I have the 880 and it is bright as hell. Like airplane landing gear bright. I guess that would be great in some situations (DH on dark soil at night?) but I ride in Texas hill country limestone (grey-white stone) and settings 4&5 are literally unusable. That amount of lumens bleeds any relief out of the terrain and makes riding more difficult.

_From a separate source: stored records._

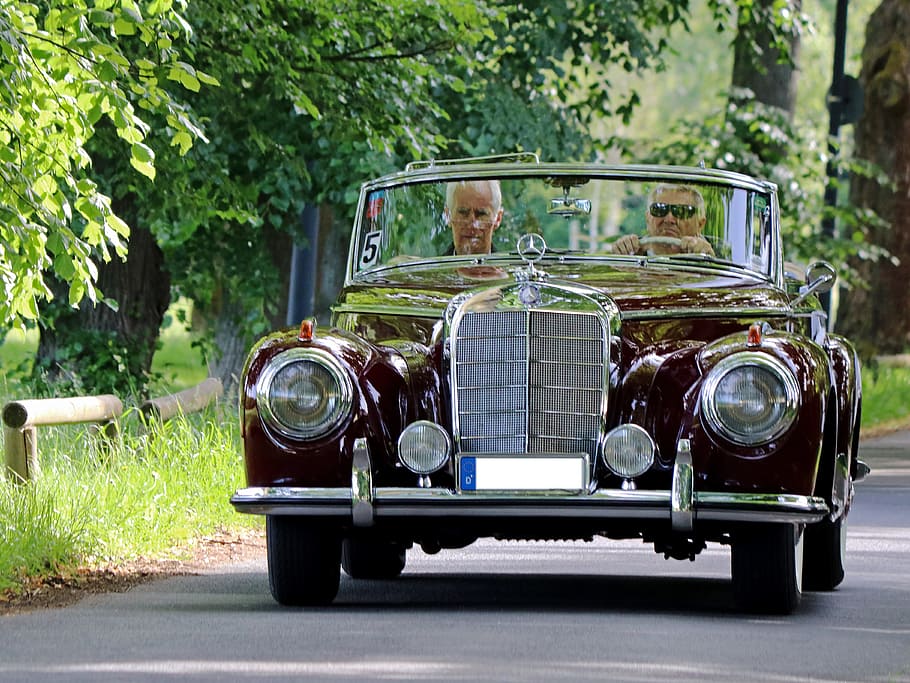 Auto, Oldtimer, Classic, Automotive, pkw, vehicles, vintage car automobile HD wallpaper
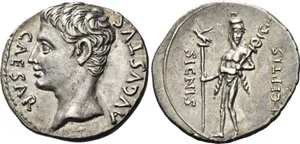 RIC I (SE) Augustus 82B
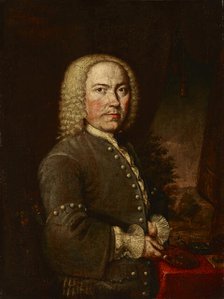 Portrait of a Painter, 4th quarter of 17th century. Creator: Unknown.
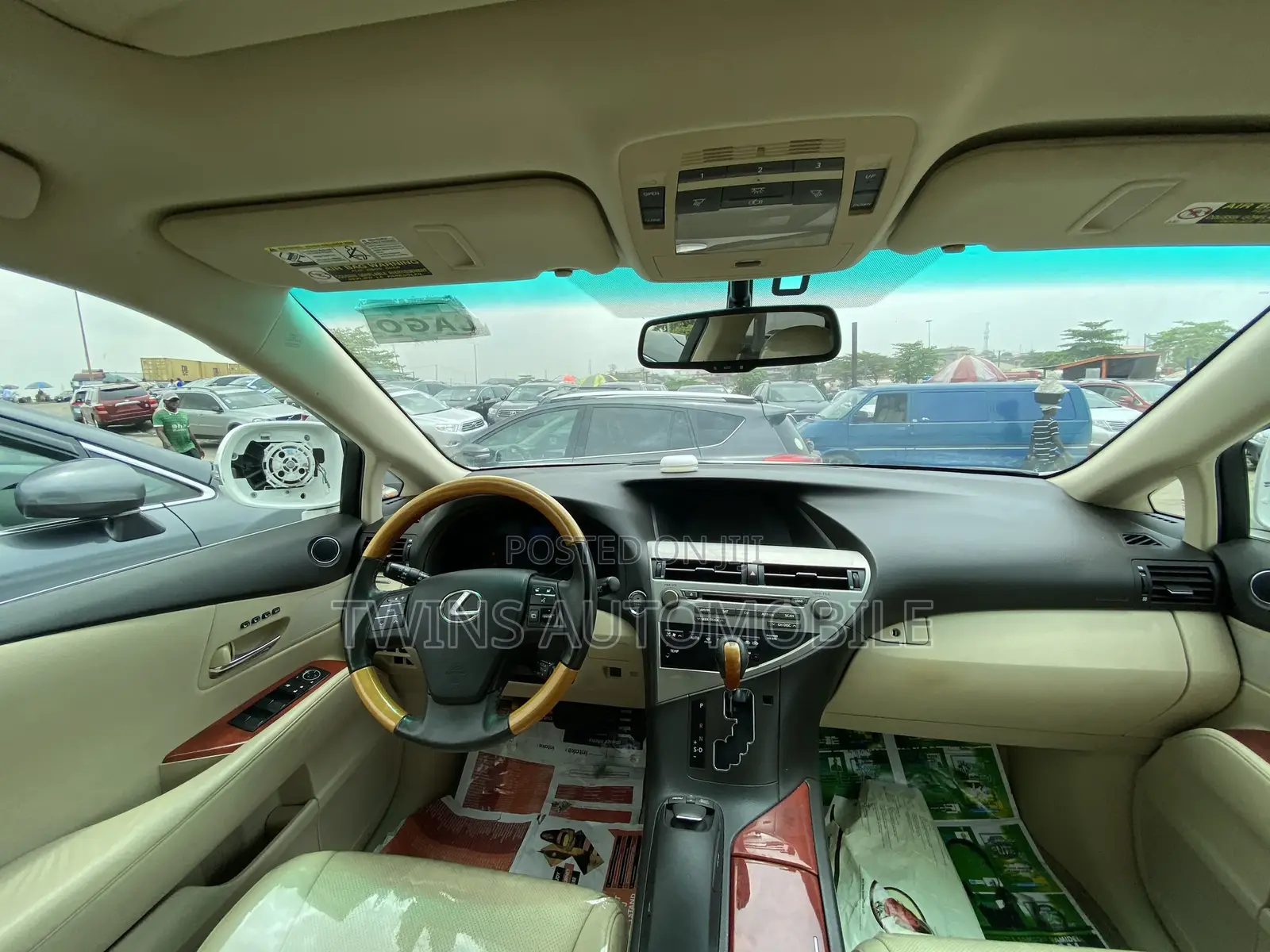 Lexus RX 2012 White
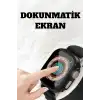 Uyku Ve Nabız Takipli, Wireless Şarjlı Akıllı Saat Android Ve İos Uyumlu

That said, running the light on 2/5 & 3/5 makes for a really great helmet light. It's not too heavy, throws well and I've only ever got the battery barely into the blue (~70%). Also, the strange green glow deal is kinda nice. It gives just enough light so that you can see your bike/water bottles etc without having to run the full beam.


----------



## butasan (May 29, 2009)

I have a Olympia and a MJ-808E as my bar lights, and another MJ-808E as my helmet light. When I point downhill I practically go as fast as under day light so my plan is to ditch one of the MJ-808Es, and get a little more powerful one on my helmet.

I was initially considering Xera + reflector especially because of its light weight, but after I've seen a couple of beamshots I realized that xera's does not seem to have enough throw (as a helmet light) so now I am leaning toward MJ-880.



Action LED Lights said:


> It has twice the output of the MJ-808E (about 1500 actual lumens) focused into approximately the same area so it should have twice the throw. This is offset by the fact that the reflection off of near objects is bright enough to cause your pupils to constrict which reduces your night vision. As a helmet light, look once at the near ground and your blinded for the next 2 minutes.
> You reach a point of diminishing returns as you crank up the output.





baconismidog said:


> I have the 880 and it is bright as hell. Like airplane landing gear bright. I guess that would be great in some situations (DH on dark soil at night?) but I ride in Texas hill country limestone (grey-white stone) and settings 4&5 are literally unusable. That amount of lumens bleeds any relief out of the terrain and makes riding more difficult.That said, running the light on 2/5 & 3/5 makes for a really great helmet light. It's not too heavy, throws well and I've only ever got the battery barely into the blue (~70%). Also, the strange green glow deal is kinda nice. It gives just enough light so that you can see your bike/water bottles etc without having to run the full beam.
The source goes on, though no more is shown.